Lavochkin was born to a Jewish family of teachers in Smolensk. After graduation in 1918, he enlisted in the Red Army and served in the infantry in the Russian Civil War. In 1920, he began studies at the Moscow State Technical University, from which he graduated in 1927. He then served for two years as an intern at the design department of the TsAGI Central Aerohydrodynamic Institute under the direction of Andrei Tupolev, where he assisted in the design of the Tupolev TB-3 heavy bomber. While at TsAGI, he his colleagues included the French seaplane designer Paul Richard, as well as Mikhail Gurevich and Nikolai Kamov.
In the early 1930s, he transferred to the Central Design Office, where he was assigned work on stratospheric aircraft and balloons, and pressurized cockpits. However, as he came increasingly interested in the design of fighter aircraft, he moved to the design office of Dmitry Pavlovich Grigorovich, whom he assisted in the development of the Grigorovich I-Z fighter.

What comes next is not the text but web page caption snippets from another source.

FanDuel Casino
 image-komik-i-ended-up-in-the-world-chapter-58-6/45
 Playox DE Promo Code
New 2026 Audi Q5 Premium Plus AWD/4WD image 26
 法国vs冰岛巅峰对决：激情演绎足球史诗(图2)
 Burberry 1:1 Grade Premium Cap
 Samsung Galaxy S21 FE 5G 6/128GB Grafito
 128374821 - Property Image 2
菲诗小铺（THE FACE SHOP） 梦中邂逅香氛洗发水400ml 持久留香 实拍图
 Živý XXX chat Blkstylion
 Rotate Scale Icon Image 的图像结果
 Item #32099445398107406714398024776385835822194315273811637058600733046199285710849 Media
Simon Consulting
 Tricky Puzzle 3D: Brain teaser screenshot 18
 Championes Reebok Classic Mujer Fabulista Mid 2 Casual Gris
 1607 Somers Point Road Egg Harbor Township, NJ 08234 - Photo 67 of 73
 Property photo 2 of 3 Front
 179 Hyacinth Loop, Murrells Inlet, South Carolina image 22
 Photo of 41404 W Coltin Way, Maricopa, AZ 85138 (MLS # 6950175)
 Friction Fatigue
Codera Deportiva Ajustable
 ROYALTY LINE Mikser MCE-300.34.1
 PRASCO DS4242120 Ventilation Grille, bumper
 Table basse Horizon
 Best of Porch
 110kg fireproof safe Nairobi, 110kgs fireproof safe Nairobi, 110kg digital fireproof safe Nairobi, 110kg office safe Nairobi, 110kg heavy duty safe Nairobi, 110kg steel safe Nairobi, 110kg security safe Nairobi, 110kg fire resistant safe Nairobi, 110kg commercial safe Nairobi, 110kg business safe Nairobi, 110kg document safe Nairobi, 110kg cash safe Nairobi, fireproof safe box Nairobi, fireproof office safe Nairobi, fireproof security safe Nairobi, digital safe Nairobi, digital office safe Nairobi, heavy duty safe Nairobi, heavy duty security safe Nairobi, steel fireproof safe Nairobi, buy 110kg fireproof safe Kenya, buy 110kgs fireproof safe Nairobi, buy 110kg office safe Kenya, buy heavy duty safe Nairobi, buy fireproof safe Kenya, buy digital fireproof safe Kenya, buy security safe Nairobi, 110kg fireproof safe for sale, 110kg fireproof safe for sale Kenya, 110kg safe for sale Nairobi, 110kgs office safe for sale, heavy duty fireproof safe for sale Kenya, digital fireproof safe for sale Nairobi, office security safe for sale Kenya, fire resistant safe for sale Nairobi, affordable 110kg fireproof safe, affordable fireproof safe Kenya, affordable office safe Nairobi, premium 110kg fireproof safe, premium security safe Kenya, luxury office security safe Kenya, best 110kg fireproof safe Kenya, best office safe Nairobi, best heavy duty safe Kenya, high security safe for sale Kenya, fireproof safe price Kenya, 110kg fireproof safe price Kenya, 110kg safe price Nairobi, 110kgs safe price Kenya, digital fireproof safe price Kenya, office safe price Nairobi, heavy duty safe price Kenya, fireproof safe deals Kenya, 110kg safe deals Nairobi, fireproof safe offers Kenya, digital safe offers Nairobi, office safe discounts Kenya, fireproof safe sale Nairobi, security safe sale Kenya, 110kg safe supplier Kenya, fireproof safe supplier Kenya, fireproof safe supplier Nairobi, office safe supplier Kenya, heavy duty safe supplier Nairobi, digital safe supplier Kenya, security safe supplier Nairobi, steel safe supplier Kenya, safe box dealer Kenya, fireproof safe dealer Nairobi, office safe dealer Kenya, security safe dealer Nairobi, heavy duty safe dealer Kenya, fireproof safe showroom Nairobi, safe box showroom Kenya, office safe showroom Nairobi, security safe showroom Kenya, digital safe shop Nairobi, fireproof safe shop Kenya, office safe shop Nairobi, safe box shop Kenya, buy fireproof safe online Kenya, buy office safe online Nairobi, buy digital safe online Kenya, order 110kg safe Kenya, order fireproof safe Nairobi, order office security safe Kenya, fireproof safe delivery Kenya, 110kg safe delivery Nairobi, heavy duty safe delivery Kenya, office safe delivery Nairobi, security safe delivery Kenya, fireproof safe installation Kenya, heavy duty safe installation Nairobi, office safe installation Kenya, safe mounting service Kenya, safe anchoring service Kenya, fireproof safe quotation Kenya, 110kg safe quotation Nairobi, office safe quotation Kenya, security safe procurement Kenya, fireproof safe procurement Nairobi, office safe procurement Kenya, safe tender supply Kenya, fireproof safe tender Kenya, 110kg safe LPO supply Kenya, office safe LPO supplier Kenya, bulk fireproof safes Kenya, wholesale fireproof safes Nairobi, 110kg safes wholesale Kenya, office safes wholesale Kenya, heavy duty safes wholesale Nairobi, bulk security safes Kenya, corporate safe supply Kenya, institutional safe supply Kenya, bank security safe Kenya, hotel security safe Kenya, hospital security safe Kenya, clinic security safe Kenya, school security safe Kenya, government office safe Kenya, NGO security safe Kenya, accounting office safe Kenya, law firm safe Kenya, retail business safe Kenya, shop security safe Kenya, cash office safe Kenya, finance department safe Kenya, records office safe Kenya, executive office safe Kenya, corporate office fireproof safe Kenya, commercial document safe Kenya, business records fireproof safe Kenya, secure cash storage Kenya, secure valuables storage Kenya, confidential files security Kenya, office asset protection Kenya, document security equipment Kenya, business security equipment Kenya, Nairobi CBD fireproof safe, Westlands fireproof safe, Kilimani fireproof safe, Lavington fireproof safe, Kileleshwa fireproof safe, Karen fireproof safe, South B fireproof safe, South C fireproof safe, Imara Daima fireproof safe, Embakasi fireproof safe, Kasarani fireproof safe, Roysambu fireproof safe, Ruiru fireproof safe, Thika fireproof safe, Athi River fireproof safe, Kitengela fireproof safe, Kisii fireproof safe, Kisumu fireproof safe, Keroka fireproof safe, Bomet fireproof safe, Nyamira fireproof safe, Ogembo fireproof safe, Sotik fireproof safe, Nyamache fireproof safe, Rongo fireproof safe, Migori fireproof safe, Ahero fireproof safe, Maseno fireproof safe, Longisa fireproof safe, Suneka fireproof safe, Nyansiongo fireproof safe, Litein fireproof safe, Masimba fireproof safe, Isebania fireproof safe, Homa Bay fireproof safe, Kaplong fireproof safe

In 1938, after combat experiences in the Spanish Civil War and at the Battles of Khalkhin Gol against the Japanese, it became clear that the Soviet fighter designs were lagging behind international standards. Lavochkin established his own design bureau in 1939. Starting with the LaGG-1, he produced thousands of fighters which formed the backbone of the Soviet Air Force during the Second World War. He is especially known for the La-5 and La-7, which are among the best Soviet fighter aircraft of World War II. The top Allied ace, Ivan Kozhedub shot down 62 German airplanes, flying in fighters designed by Lavochkin. From 1941 to 1945 a total of over 22,000 Lavochkin fighters were produced. However, Lavochkin's fortunes faded after the war. His La-9 and La-11 were the last piston-engined fighters in Soviet service, and were replaced after a short time by jets. Although he continued pioneering work in this field (the La-176 was the first Soviet supersonic aircraft), his aircraft consistently placed second in competitions with other design bureaux, notably that of Artem Ivanovich Mikoyan.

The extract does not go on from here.